A serious look at anxiety

The NYTimes mag has a long story, focused on the work of Harvard psychologist Jerome Kagan, of much of our current knowledge about anxiety.

June 19, 2009

Anxiety and panic relief without the addiction

German researchers believe they have discovered an anxiolytic drug without addictive qualities of benzodiazepines such as Valium.

Now, anti-depressants can help a chronic tendency toward anxiety, but, for a person with new, and acute, anxiety symptoms, their four-six week latency period rules them out. XBD173, though worked within one hour of administration, in tests.

April 30, 2007

PTSD issues suck

Mood: Mix of shitty, rundown, tired, anxious and other emotions and body sensations.

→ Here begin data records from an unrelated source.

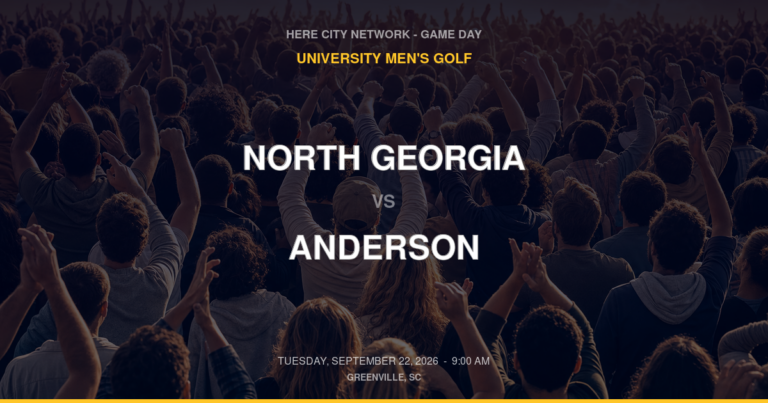 North Georgia vs. Anderson — University Men's Golf Game Day — Greenville, SC — Sep 22, 2026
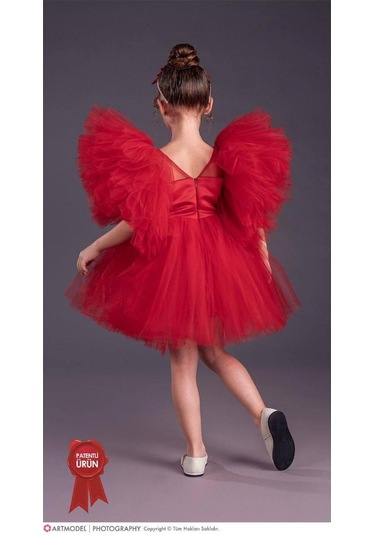 Kız Çocuk Tütü Etekli Kabarık Kollu Komotini Taçlı Abiye Elbise Kırmızı 1662 Kırmızı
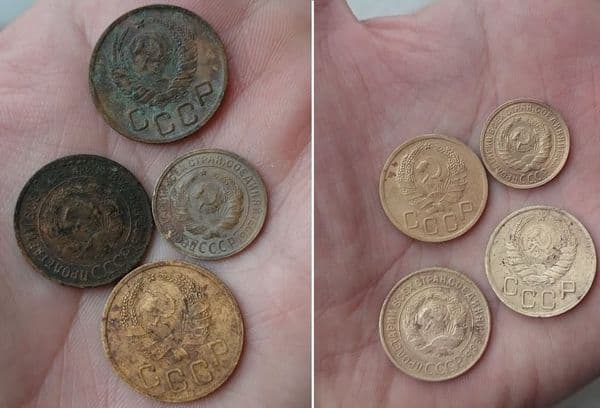 monētas pirms un pēc tīrīšanas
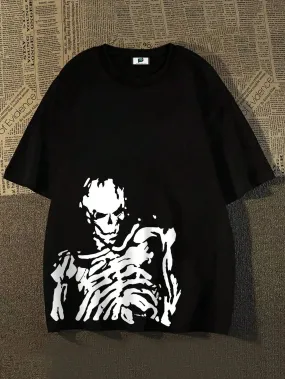 SXV  'Skeleton 3’ Printed Cool Aesthetic Oversized Baggy T-shirt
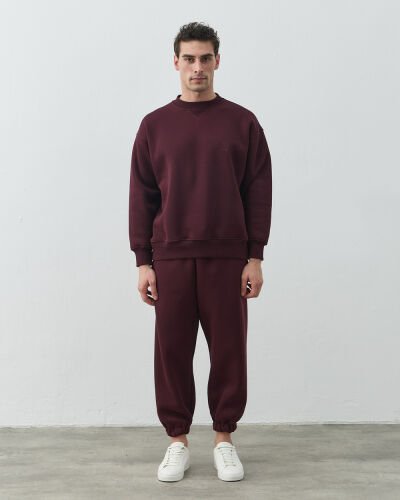 Erkek Şardonlu Üç İplik Must Have Sweat Bordo - Aybikestil (1)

After a whole week or more with no problems, the sleep issue returned last night. (Don't know if part of it was a muggy evening that didn't want to cool down a lot.)

Anyway, I woke up an hour or a little more early, as I have been doing in the past. It was compounded by being in a bad dream about having a bunch, a bunch of stuff to do at work, which I don't actually have.

Tried going back to sleep. I reached some state near sleep after half an hour, at which point the a-hole in my apartment complex who turned on a ShopVac at 8 a.m. Saturday, followed by wheeling a 2-ton car jack on the sidewalk, rolled the car jack out at just after 7 on a Monday morning. So, i tried again to get some last bits of sleep, but it didn't happen before the alarm, and the one snooze time I allow for an extra nine minutes.

Got up, got ready, etc. and wound up having enough anxiety problems that I had a mild throw-up before I left some, with a queasy stomach most the rest of the day.

I hate where the hell a lot of my life's aspects are at right now. Maybe I need to do another "acceptance" list.

March 31, 2007

I HUNGER FOR SLEEP

The hunger pangs of sleep desired,
Sleep ungot, sleep denied,
Gnaw at my inwards,
At the strings of my psyche,
At the sinews of my being.
The ravenous Titan of sleep
Would devour me
Like Cronus swallowing his children —
If I could be digested.
But the discontents of my anxiety
Lie ill on the ogre’s stomach;
I am vomited up from sleep.

And so it is.
Too often, too many nights,
I am vomited up from sleep,
In a nocturnal indigestion,
Not to fully find its embrace again.

Yes, embrace.
The hungering maw of sleep
Is also the nurturing womb.
And sleep hungers for me
Just as I hunger for nurturing.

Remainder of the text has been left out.